My DV is count data and zero-inflated. The one IV in my model is categorical and I have no constant term, and my understanding is that the intercept of the regression is the coefficient for my reference group.
What I am seeing in the result is that the coeffient for intercept is negative and significant, which doesn't make sense to me as DV is always a positive value. As a precaution I dropped the extreme values in my data (anything above 99%). Below is the description of my DV:
count 1.982101e+06
mean 1.369949e+00
std 4.218949e+00
min 0.000000e+00
25% 0.000000e+00
50% 0.000000e+00
75% 0.000000e+00
max 3.200000e+01
The python code I am running is :
form = "DV ~ C(IV , Treatment(reference=0))"
est = negativebinomial( form, data = df ).fit()
I should add that the problem is only with one level of the IV. If I run the regression without that level, I don't get negative prediction of DV.

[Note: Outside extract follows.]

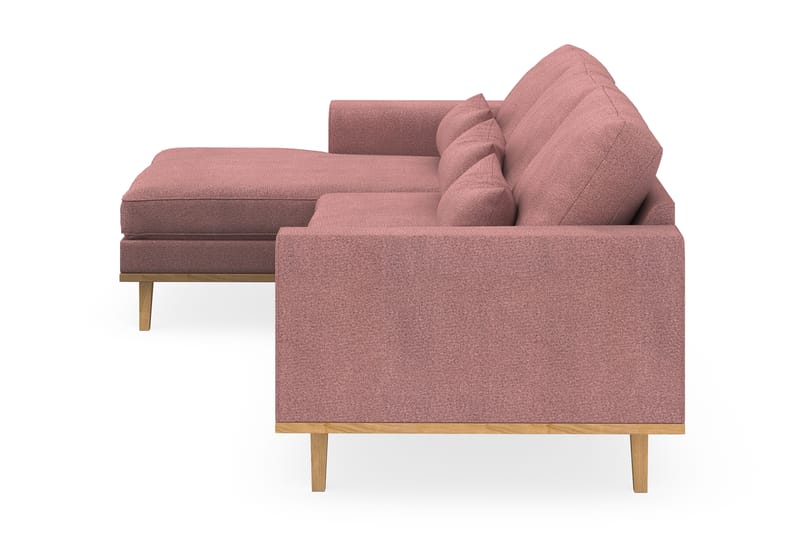 Copenhagen 4-seters Venstrevendt L-formet Divansofa i Stoff - Rosa - Møbler - Sofaer - Sofa med sjeselong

I hope I have provided enough information to explain my question and I appreciate any help.
Best Answer
The coefficients for a negative binomial regression are on the log-scale. So the intercept is the log-rate for observations at the reference-levels of categorical factors and at level 0 of continuous covariates.
For example, an intercept of -1 corresponds to a rate of 0.37 ($=\exp(-1)$).